Bitcoin price slips as Strategy buys more BTC and traders brace for Fed minutes

Bitcoin price slips as Strategy buys more BTC and traders brace for Fed minutes

February 17, 2026

NEW YORK, Feb 17, 2026, 16:02 EST — After-hours

  • Bitcoin dropped roughly 1%, trading near $67,700 and still unable to break above $70,000.
  • Strategy revealed it bought more bitcoin this week, using proceeds from selling shares.
  • Wednesday brings Fed minutes, with Friday’s PCE inflation gauge also in focus for traders.

Bitcoin faded roughly 1% to $67,720 on Tuesday, with traders digesting new purchases from Strategy and a still-cautious tone from the Federal Reserve on potential rate cuts.

This matters for bitcoin, which has been unable to reclaim the $70,000 level lately—leaving it sensitive to changing sentiment around the dollar and bonds when fresh U.S. data arrives.

This week, timing isn’t great. The Fed’s January meeting minutes drop Wednesday. On Friday, its favored inflation gauge arrives. Both could jolt risk asset pricing in a hurry.

Bitcoin slipped 1.0% during the session, changing hands anywhere from $66,702 to $69,111. Ether managed a slight gain, up roughly 0.3% at $1,994.

Strategy disclosed in a regulatory filing Tuesday that it snapped up 2,486 bitcoin from Feb. 9 to Feb. 16, shelling out $168.4 million at an average price of $67,710 per coin. That bumps its total holdings to 717,131 bitcoin. Funding came via proceeds from its “at-the-market,” or ATM, offerings—these allow companies to drip common and preferred stock directly into the market over time. SEC filing

The Fed’s messaging didn’t come in a single voice. Chicago Fed President Austan Goolsbee flagged the chance of “several more” rate cuts this year—so long as inflation convincingly heads back toward 2%. Still, he warned, services inflation hasn’t been “tamed,” and policymakers need to see confirmation in the data before moving. Reuters

Fed Governor Michael Barr flagged that the next rate cut could be a ways off, calling out the persistent “higher for longer” stance—even as equities barely budged. Bitcoin slipped, with the dollar staying strong before the minutes landed. Reuters

The Personal Consumption Expenditures (PCE) price index, which the Fed relies on for its 2% inflation target, lands Friday, Feb. 20. Unlike the consumer price index, PCE uses a different mix and weighting to track consumer costs.

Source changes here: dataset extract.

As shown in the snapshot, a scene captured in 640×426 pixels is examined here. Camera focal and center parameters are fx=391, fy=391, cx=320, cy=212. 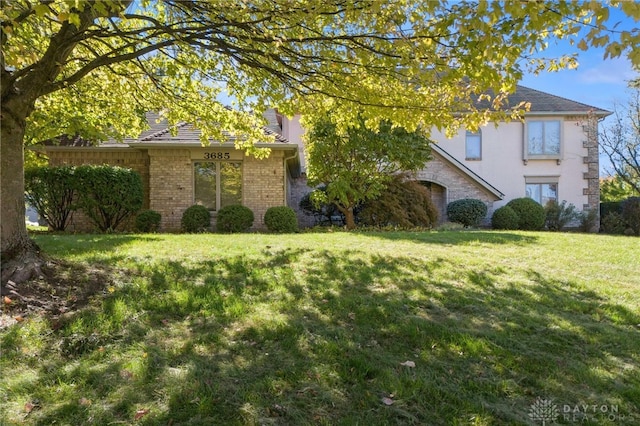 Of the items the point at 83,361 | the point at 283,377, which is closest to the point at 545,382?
the point at 283,377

Things can flip quickly. A more hawkish tone in the minutes, or a hotter PCE print, and traders might drive yields and the dollar up—a combination that tends to hit leveraged and speculative pockets like crypto hard.

Right now, the question is straightforward: does bitcoin push past $70,000 decisively, or does it stay stuck fluctuating in the high $60,000s. Next up are the Fed minutes on Wednesday, followed by Friday’s PCE report.